EL DIA QUE NUNCA OLVIDARE HOY: JUAN CARLOS ROSSELLO Viaje hasta el confín de la tierra
Era tan poco frecuentado el lugar que hasta encontraron abandonados dos cañones de la época de la conquista, y pudieron observar en la costa la silueta de la "Duquesa de Albania", con su mascarón de proa decapitado. Y también introducirse en la antigua factoría de lobos marinos cuyos ocupantes la abandonaron, quién sabe cuándo, casi intacta, sin llevarse lo que había en su interior.
No fue fácil llegar por tierra a ese confín del mundo. Juan Carlos Rossello conoció cada rincón de la Patagonia, tanto del lado argentino como chileno, pero nunca olvidará aquella temprana excursión, en tiempos en que apenas existían los caminos, y los hoteles brillaban por su ausencia.
Al avanzar por los inhóspitos desiertos, los caballos se hundían en las ciénagas. Cuando la turba los absorbía, comenzaban a manotear desesperados mientras las ancas se les metían cada vez más en la melaza de barro, hasta que quedaban en posición vertical y se rendían, sin resistencia alguna. Solo enlazándolos y tirando con los otros caballos lograban rescatarlos.
Quienes asumieron la aventura eran cuatro apasionados amantes de la Patagonia, incluidos además de Rossello, Juan Pastorino, Raúl Ruiz y Ricardo Daniels (Richard). Pero estaban convencidos de que alguien más los acompañaba: una mujer que había soñado con sumarse a la expedición. El que más la recordaba era Juan Carlos.
Con ella habían previsto llegar a través de las turberas fueguinas a la meta deseada: Policarpo, la última estancia del mundo. Un lugar cercano adonde la cordillera de los Andes, se sumerge, hasta desaparecer bajo el océano.
Juan Carlos, antes de descubrir la Patagonia, había comulgado con la naturaleza en la provincia de Buenos Aires. En General Rodríguez, a 50 kilómetros de la Capital.
En la pampa lisa y llana percibió el magnetismo de las grandes extensiones que luego vio reproducirse en el mar.
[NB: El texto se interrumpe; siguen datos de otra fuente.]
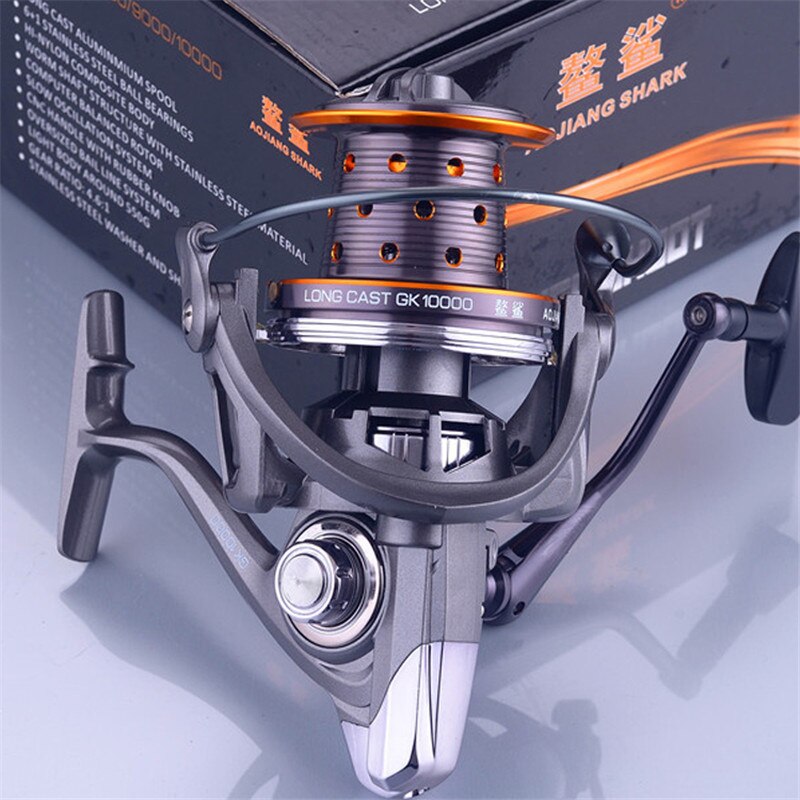 GK 8000 9000 10000 Metal Wire Cup Anchor Fish Wheel Ultralight Stainless Steel Bearing Lake Fishing Spinning Wheel Braking Force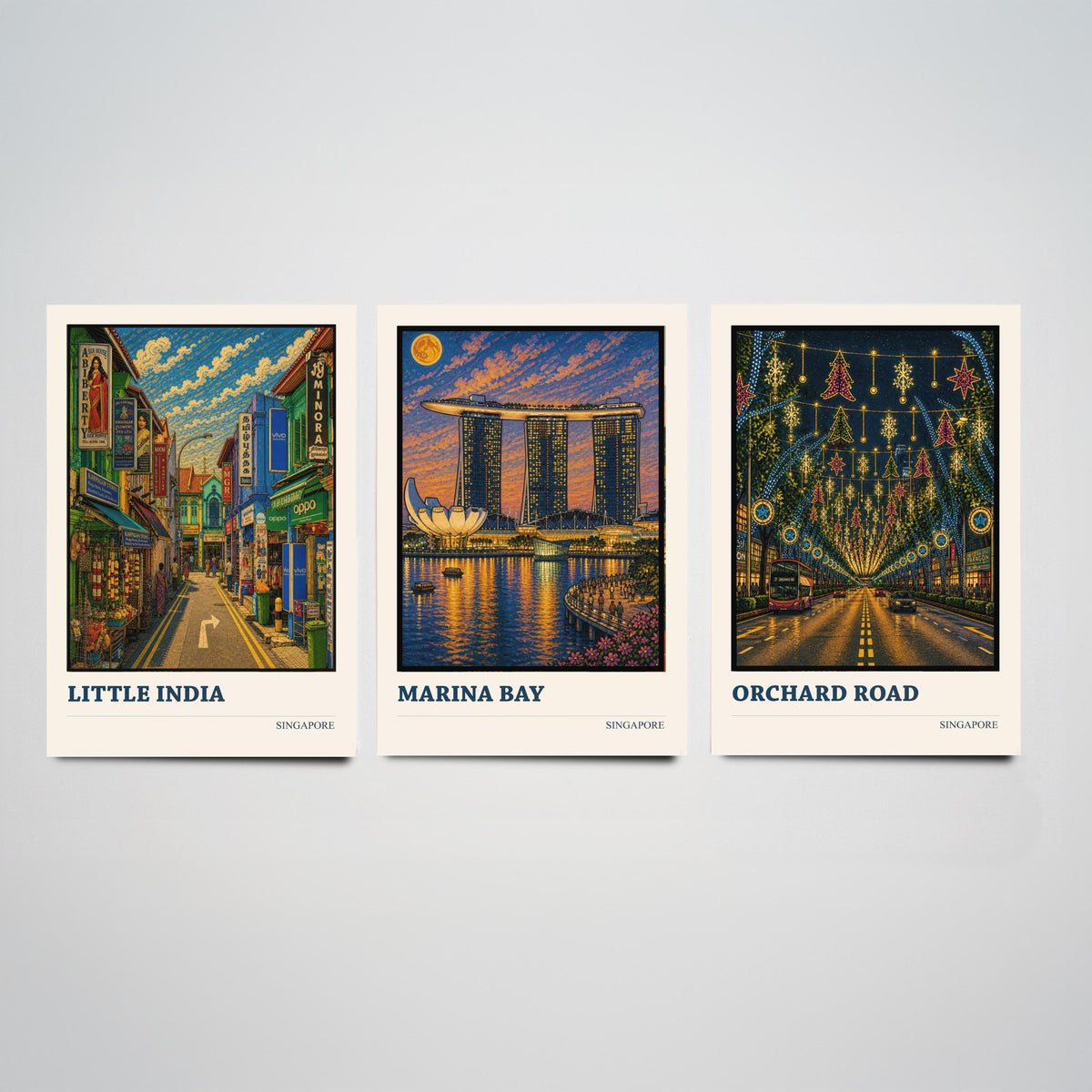 Singapore Set of Three Travel Posters - Little India, Marina Bay, Orchard Road - 3 Cityscape Art Prints Music Painting Gift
Cuando cumplió 18 años, se fue a trabajar a la Capital y se convirtió en multitud. Aprendió a comer a caballito, sobre un banco de la plaza y con el cuello sucio de hollín, como el hombre gris de Buenos Aires.
En medio de las calles multitudinarias añoraba los horizontes abiertos, los paisajes anchos y generosos, las miradas capaces de abarcar la majestad de los inmensos espacios.
Fue una ilusión que pudo concretar cuando le asignaron el cargo de inspector de una empresa de neumáticos y lo enviaron primero a Tandil y luego a Córdoba. Allí sumó otro regalo de la creación: la belleza de la montaña.
--Empecé a experimentar la felicidad de vivir. Me dediqué a conocer la idiosincrasia de la gente de las sierras y a introducirme en el ámbito de las montañas. La empresa consideró que en mí había encontrado un bicharraco especial. En lugar de querer que me mandaran a Buenos Aires, prefería ir cada vez más lejos.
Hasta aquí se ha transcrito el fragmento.